Learn how to use DataWorks with EMR Serverless Spark for big data development through a user profile analysis case study covering Data Integration, Data Studio, and Operation Center.

Case introduction

To develop effective business strategies, you can obtain basic profile data about website users from their website activities. This data includes geographical and social attributes. You can analyze this profile data by time and location to enable fine-grained operations on website traffic. This case uses DataWorks with EMR Serverless Spark to complete data synchronization, data processing, data management, and data consumption.

Note

Before you begin, read Tutorial objectives and design for an overview of the end-to-end workflow in this user persona analysis case.

Data Studio

This tutorial uses the new Data Studio platform in DataWorks. Make sure that the new Data Studio is enabled for your workspace.
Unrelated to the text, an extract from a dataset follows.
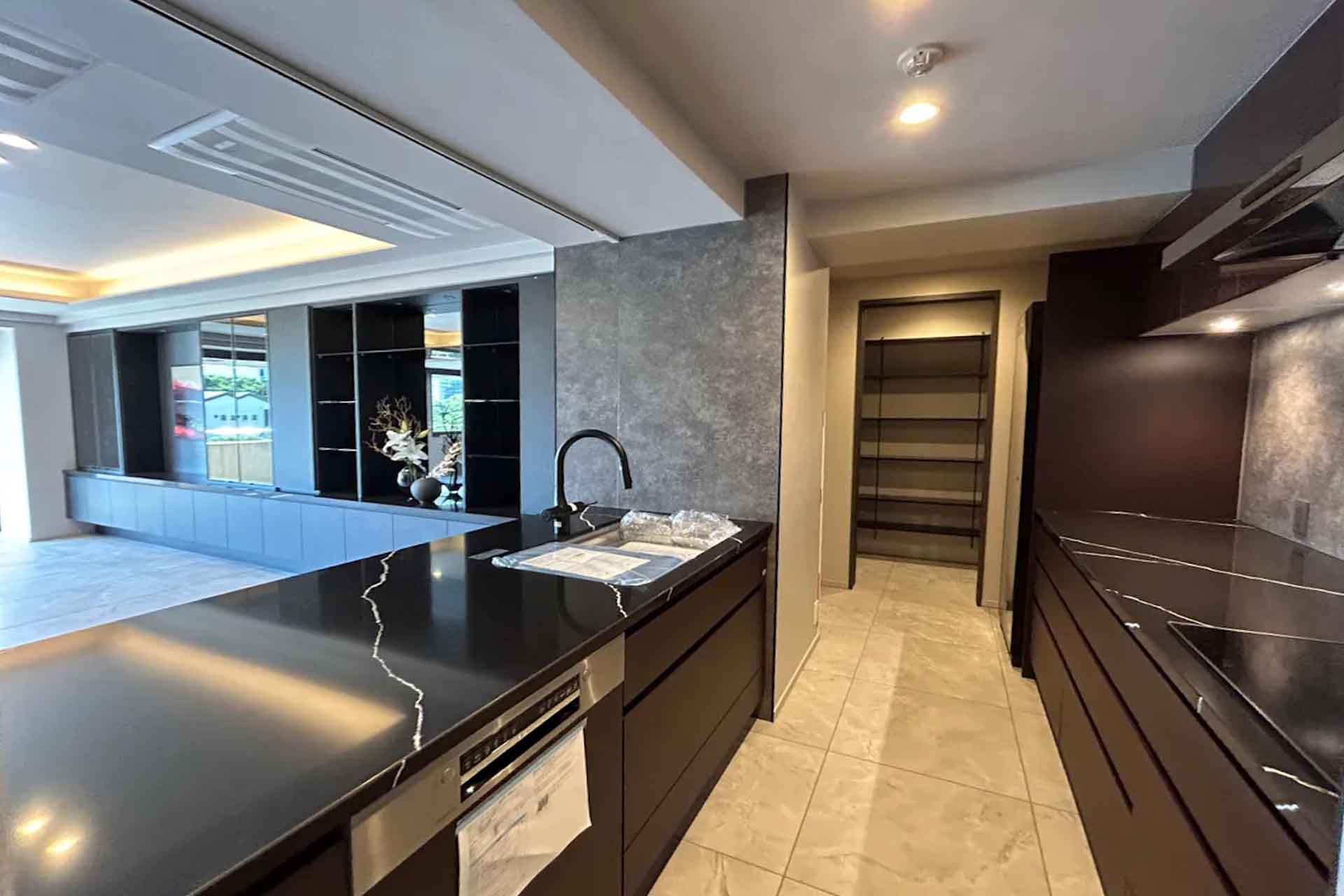 Crystal Court Toriizaka2.jpg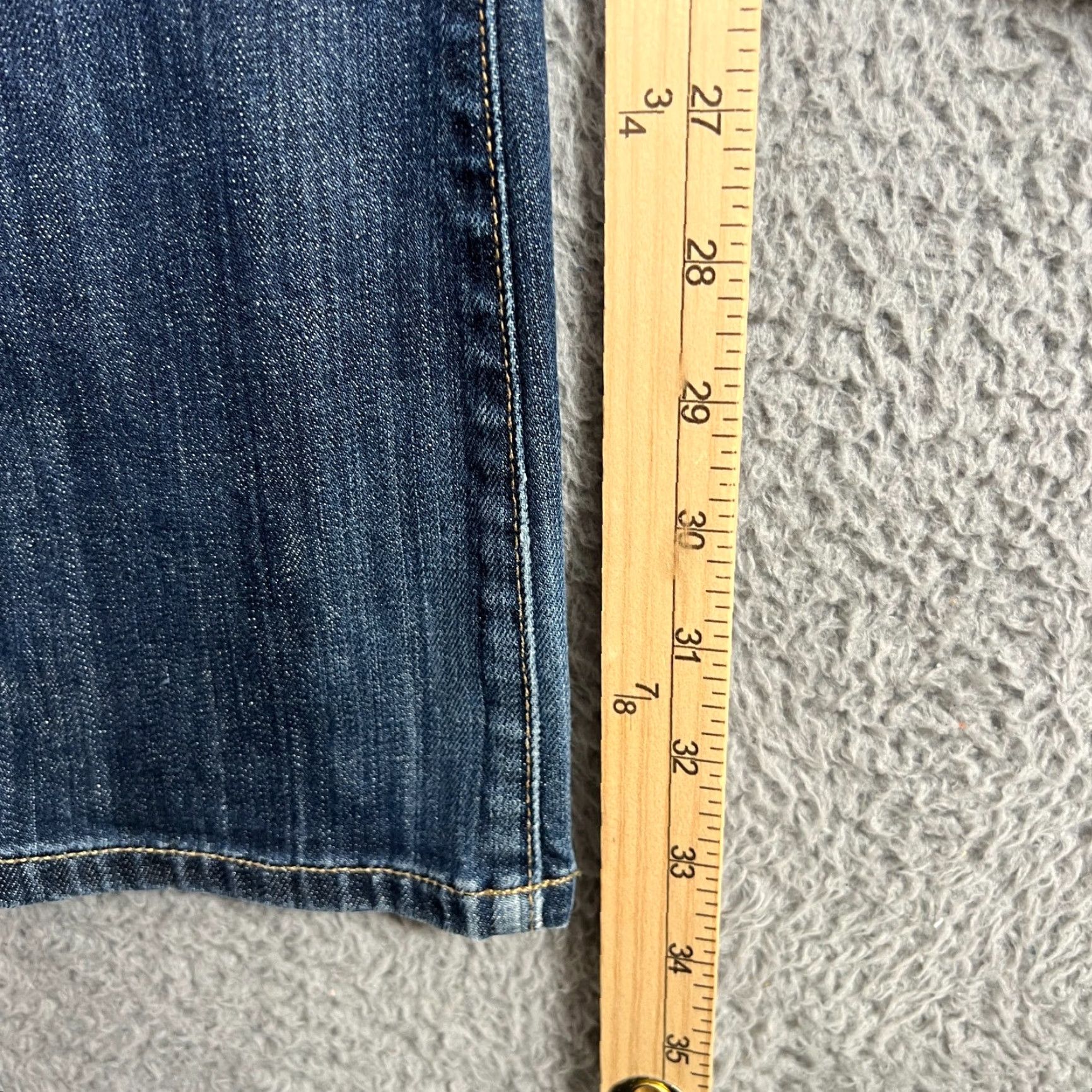 Citizens Of Humanity VINTAGE Citizen of Humanity Women's Flared Jeans Size 30 Blue Low Waist 34 Inseam Size 30" / US 8 / IT 44 - 3 Thumbnail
To enable it:

When you create a workspace, select Use Data Studio (New Version).
To upgrade from an older version of Data Studio, click Upgrading at the top of the interface and follow the on-screen instructions.
After February 18, 2025, DataWorks enables the new Data Studio by default for any Alibaba Cloud account that creates its first workspace in the following regions:

China (Hangzhou), China (Shanghai), China (Beijing), China (Zhangjiakou), China (Ulanqab), China (Shenzhen), China (Chengdu), China (Hong Kong), Japan (Tokyo), Singapore, Malaysia (Kuala Lumpur), Indonesia (Jakarta), Thailand (Bangkok), Germany (Frankfurt), UK (London), US (Silicon Valley), US (Virginia)

Procedure

Step 1: Prepare environments

Create the required EMR Serverless Spark and DataWorks workspaces, and configure resource group and network settings.
Step 2: Synchronize data

Configure a DataWorks synchronization task to sync the basic user information and website access logs of the users provided in the tutorial to a Spark computing resource, then query the data.
Step 3: Process data

Process the synchronized basic user information and access log data with EMR Spark SQL nodes in DataWorks to generate user profile data.
Step 4: Monitor data quality

Set up table monitors to detect and intercept dirty data before it affects downstream processes.
Step 5: Manage data

After the analysis completes, view the generated data tables in EMR and their lineages in Data Map.
Step 6: Consume data

Use the data analytics module to visualize the processed data and extract key insights into business trends.